§ Problem description:
Copy exactly. Begin at the line containing "Un Remate Hipotecario" and stop at the last line of the entries, omitting any pictures.

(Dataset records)
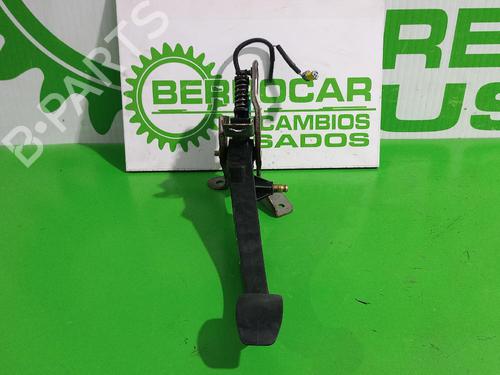 Used Clutch pedal RENAULT MEGANE II Coupé-Cabriolet (EM0/1_) 1.9 dCi (120 hp) 31544459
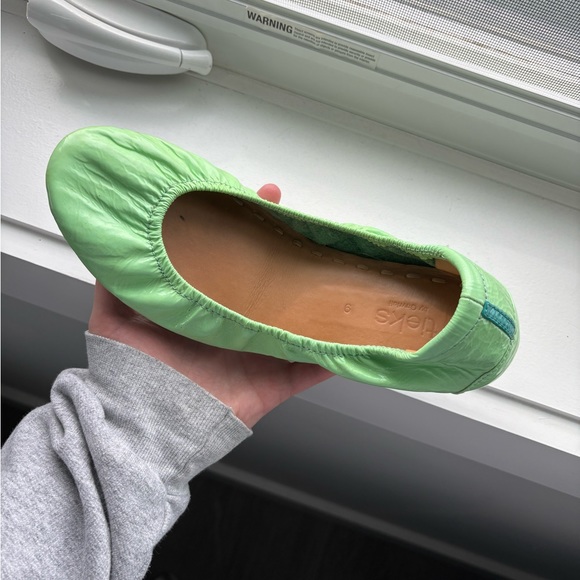 GUC Mint Green Patent Leather Tieks, Size 9 - Picture 10 of 10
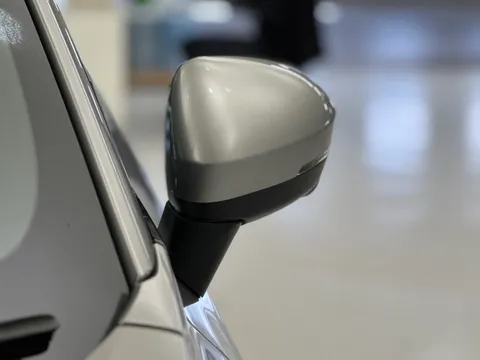 OW74WRV Nissan Qashqai 1.3 DiG-T MH Tekna 5dr Thumbnail #37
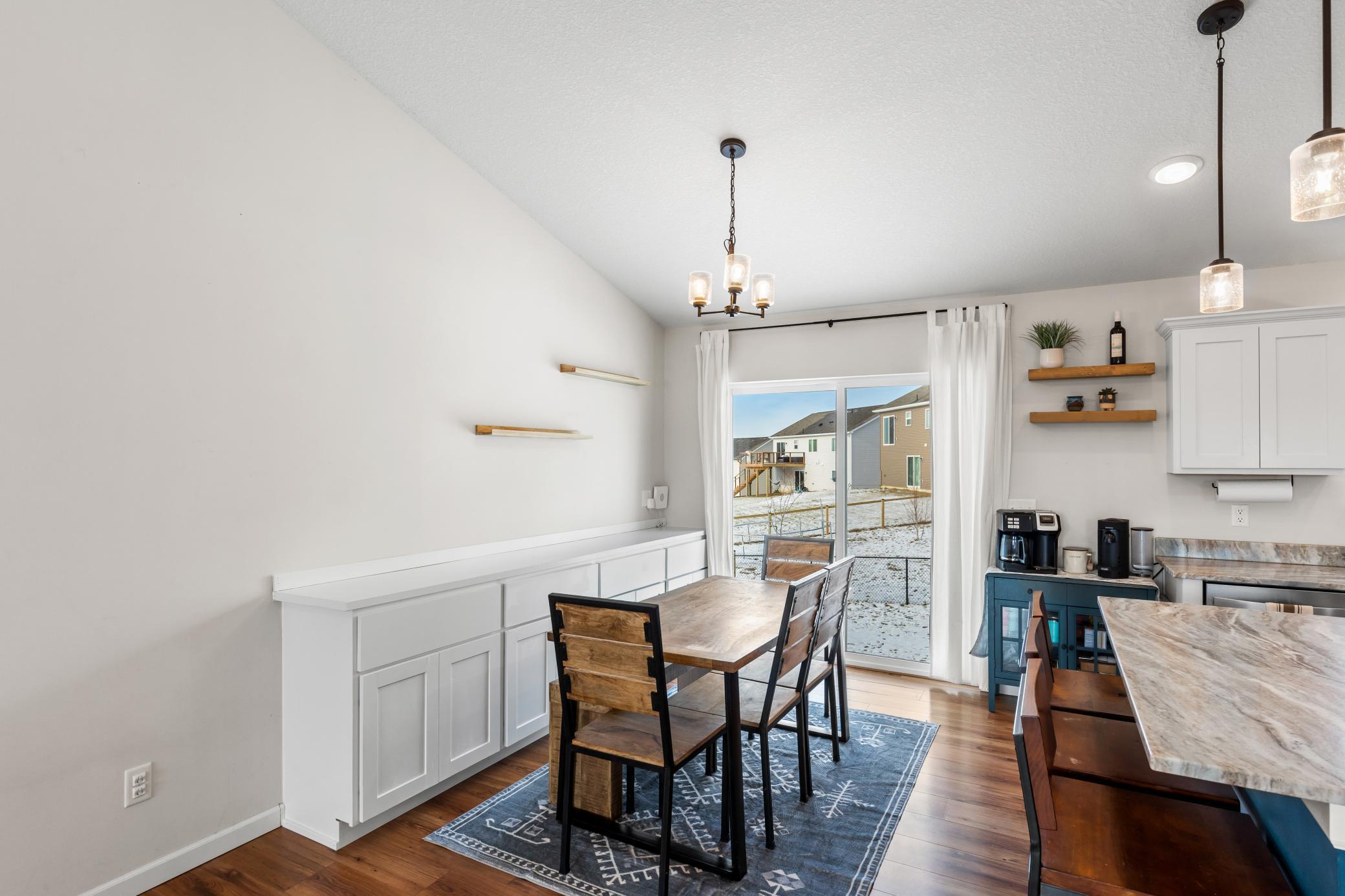 843 Hickory Curve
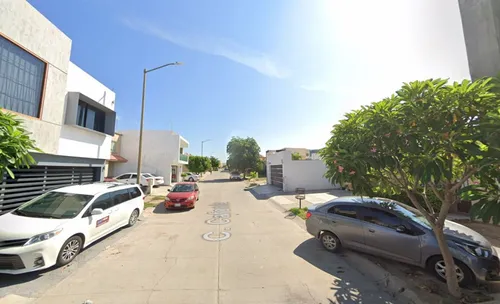 ¡excelente Oportunidad De Inversión! Casa En Culiacán, Sinaloa, Pertenece A Un Remate Hipotecario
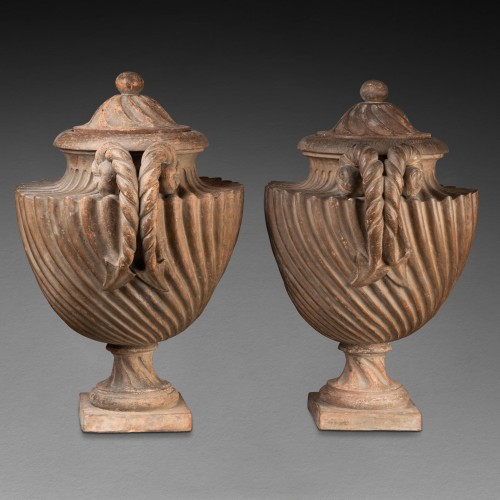 19th century - Pair of 19th-century terracotta vases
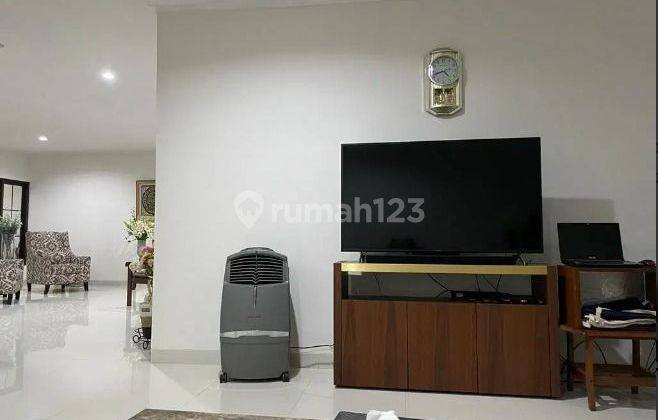 ruang keluarga rumah cantik strategis dkt scbd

§ Written answer:
 ¡excelente Oportunidad De Inversión! Casa En Culiacán, Sinaloa, Pertenece A Un Remate Hipotecario
 19th century - Pair of 19th-century terracotta vases
 ruang keluarga rumah cantik strategis dkt scbd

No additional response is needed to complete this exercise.